LINCOLN — Restoration work will soon begin on the historic home in Red Cloud where Pulitzer Prize-winning author Willa Cather spent most of her teenage years.

Cather had an attic bedroom in the 1 1/2-story, wood-frame vernacular house at 245 N. Cedar St., living there between the ages of 10 and 16. She left for college in 1896.

The 143-year-old childhood home is considered the “crown jewel” of the multiple historic sites in Red Cloud that are associated with Cather. The author mentions the house in at least three of her books: “The Song of the Lark,” “Old Mrs. Harris” and “The Best Years.”

Visitors from across the world

“Visitors from all over the world remark that walking through the doors of Cather’s Childhood Home and into her tiny attic bedroom is an unforgettable experience,” said Ashley Olson, executive director of the National Willa Cather Center.

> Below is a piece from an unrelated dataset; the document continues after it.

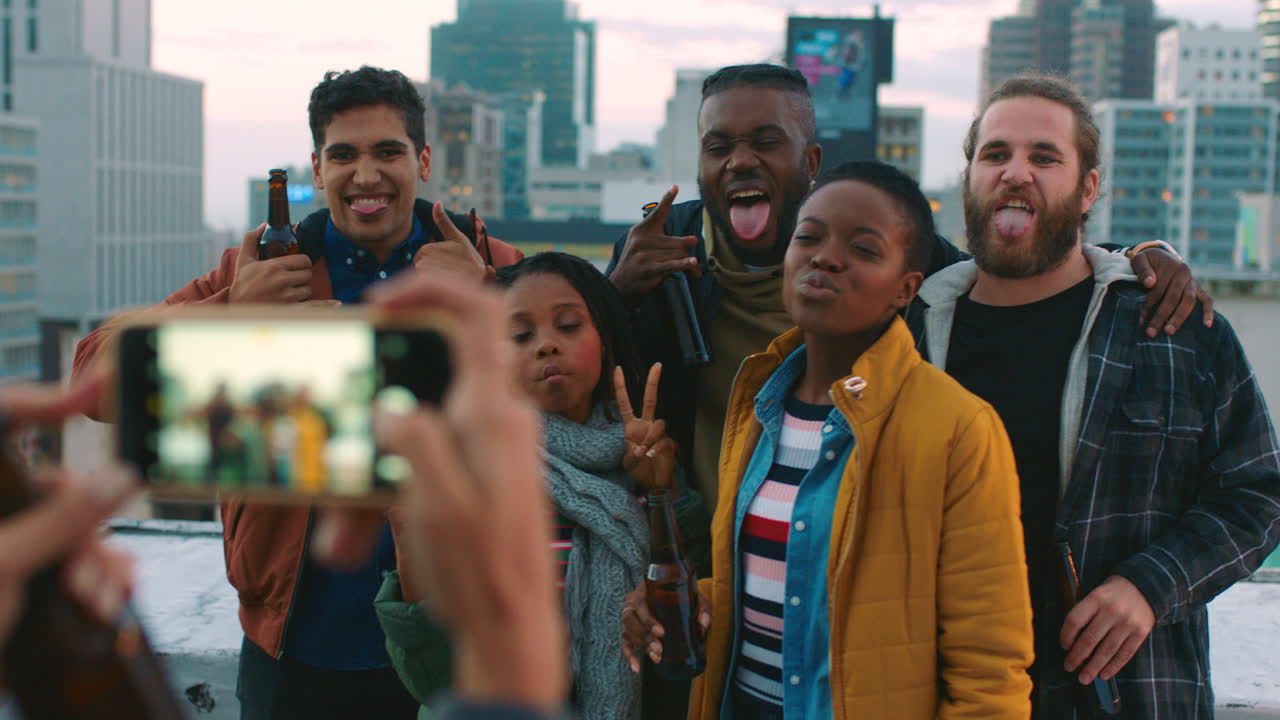 fiesta en el techo, amigos y tomando fotos con el teléfono inteligente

The nearly $1 million in restoration work is the first in 50 years on the structure. It will begin Aug. 15 and is projected to be completed by next year.

Along with rehabilitating the wooden structure, improving access and adding climate controls, the work will include restoring, and possibly replicating, the rose-colored wallpaper Cather herself installed in her attic bedroom. The paper was payment for her work at a Red Cloud drug store.

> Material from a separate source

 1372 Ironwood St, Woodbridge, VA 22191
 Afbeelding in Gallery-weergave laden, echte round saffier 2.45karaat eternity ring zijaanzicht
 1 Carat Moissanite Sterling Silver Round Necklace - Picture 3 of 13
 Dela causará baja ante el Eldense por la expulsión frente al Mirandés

“It’s a pretty special place,” said Catherine Pond, marketing coordinator for the Cather Center.

The childhood home has been open for public tours since 1967. The Cather Center took possession of the house in 2019 from History Nebraska. The restoration work is being made possible in part by a $415,000 Save America’s Treasures grant from the National Park Service.

Shovel-ready funds

The project is part of the Cather Center’s ambitious “Campaign for the Future,” which has raised more than $7 million toward restoration of several Cather-related properties. It would also be used for expansion of educational programming, development of visitor amenities and growth of an endowment.

The center was recently awarded a $2.3 million “shovel-ready” grant from the State Legislature, using funds supplied by the American Rescue Plan Act, to help restore a historic hotel in Red Cloud.

The shovel-ready grant, as well as the federal grant to restore the childhood home, require matching, private funds. The Cather Center is seeking to raise another $200,000 in private gifts to help finance the restoration work at the childhood home.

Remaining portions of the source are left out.